The person who serves as the executor of an estate has to do a lot of work. They have to secure property and communicate with creditors. They have to initiate probate proceedings and file taxes. They may have to sell property and distribute items to family members.
All of that can require many hours of work every week for a year or longer. Unfortunately, some executors just don’t do the work. That can have disastrous consequences like the three below.
Major assets start to lose value
Did you know that a home sitting vacant starts to lose value almost immediately? Vehicles that no one drives and that don’t receive proper maintenance could also lose some of their worth due to neglect. When an executor doesn’t take immediate steps to secure and manage major assets, the overall value of the estate may go down.

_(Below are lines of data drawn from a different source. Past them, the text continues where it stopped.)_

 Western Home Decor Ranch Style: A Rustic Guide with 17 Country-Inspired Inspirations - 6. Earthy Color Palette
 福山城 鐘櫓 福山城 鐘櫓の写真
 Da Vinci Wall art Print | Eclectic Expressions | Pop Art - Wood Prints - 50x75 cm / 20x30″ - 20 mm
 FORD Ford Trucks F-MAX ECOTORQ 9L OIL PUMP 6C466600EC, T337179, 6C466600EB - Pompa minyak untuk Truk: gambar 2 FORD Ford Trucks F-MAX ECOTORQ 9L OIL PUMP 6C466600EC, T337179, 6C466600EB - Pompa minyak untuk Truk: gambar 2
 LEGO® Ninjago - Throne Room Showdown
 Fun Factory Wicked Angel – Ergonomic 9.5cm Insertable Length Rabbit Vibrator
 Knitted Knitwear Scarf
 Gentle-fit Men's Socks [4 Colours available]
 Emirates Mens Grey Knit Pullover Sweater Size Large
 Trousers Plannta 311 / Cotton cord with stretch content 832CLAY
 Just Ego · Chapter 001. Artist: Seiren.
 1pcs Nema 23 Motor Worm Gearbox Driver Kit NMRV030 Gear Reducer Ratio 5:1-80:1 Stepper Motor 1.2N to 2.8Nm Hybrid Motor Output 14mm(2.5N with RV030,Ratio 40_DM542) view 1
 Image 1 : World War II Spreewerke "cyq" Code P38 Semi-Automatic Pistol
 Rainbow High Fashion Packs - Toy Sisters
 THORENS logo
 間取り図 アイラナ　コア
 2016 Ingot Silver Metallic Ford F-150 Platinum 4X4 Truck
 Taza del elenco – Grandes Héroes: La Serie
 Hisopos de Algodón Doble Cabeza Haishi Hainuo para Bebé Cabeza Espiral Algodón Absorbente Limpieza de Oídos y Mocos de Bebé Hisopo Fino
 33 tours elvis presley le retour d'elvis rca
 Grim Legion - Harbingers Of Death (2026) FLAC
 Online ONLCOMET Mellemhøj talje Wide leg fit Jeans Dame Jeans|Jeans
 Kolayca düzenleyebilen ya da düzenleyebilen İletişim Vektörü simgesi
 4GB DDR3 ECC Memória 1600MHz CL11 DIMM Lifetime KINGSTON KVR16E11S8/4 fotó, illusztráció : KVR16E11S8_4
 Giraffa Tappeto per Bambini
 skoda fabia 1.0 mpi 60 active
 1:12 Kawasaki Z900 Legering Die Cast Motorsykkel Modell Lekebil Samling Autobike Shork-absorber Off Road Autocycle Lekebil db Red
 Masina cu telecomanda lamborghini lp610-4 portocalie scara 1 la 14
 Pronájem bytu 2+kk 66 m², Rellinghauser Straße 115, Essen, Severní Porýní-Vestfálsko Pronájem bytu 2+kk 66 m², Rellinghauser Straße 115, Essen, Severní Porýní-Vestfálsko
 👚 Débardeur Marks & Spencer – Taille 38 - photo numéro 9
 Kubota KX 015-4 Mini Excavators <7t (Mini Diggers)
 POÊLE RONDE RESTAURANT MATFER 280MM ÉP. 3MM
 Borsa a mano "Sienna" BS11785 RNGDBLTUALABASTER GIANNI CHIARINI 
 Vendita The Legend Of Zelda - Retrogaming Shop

Creditor claims may increase due to non-payment
An executor needs to reach out to utility companies, mortgage lenders and many other businesses to settle financial accounts when someone dies. If they take more than a few weeks to start that process, there could be a massive accumulation of interest and late fees that will diminish the assets the estate has to distribute to others.
Assets from the estate could go missing or get destroyed
If the deceased party rented their home, a landlord might get sick of waiting for rent or for someone to come clean out the unit. Everything that the family had hoped to and here it might wind up in the trash. On the other hand, if someone owns their own home and family members had access to that home, people might steal property from the estate before the executor secures the residence.
An executor who doesn’t act in a timely manner damages the value of the estate and fails in their duty to the beneficiaries. Recognizing signs of executor incompetence could be a reason for you to initiate probate litigation to defend your inheritance.